Problem to work on - Your answer should consist of each line from the data below that contains "Straight".
****************
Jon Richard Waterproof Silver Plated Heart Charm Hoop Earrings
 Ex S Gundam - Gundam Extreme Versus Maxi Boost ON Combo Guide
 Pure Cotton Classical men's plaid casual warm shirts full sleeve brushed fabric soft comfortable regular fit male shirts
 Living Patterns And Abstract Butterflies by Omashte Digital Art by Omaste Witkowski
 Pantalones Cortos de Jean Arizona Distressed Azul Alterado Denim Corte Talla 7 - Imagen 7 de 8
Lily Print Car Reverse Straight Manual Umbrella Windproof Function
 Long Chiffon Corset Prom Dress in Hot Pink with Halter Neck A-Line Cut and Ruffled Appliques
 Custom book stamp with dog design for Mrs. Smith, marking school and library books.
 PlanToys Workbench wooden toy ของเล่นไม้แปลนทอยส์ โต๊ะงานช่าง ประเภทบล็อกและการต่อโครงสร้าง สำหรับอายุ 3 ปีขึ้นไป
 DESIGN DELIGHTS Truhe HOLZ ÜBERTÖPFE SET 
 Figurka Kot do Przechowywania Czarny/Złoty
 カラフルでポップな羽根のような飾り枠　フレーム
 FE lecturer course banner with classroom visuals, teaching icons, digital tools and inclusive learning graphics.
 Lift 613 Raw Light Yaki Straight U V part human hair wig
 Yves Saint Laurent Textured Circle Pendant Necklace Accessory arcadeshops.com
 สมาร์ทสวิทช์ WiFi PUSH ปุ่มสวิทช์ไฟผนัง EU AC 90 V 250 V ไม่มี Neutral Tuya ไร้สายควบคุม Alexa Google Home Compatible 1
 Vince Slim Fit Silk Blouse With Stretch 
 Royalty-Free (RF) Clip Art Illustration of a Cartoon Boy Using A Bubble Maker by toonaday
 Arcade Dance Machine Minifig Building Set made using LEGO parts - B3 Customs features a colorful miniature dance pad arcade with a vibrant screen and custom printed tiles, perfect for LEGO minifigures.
****************
Exercise output -
Lily Print Car Reverse Straight Manual Umbrella Windproof Function
 Lift 613 Raw Light Yaki Straight U V part human hair wig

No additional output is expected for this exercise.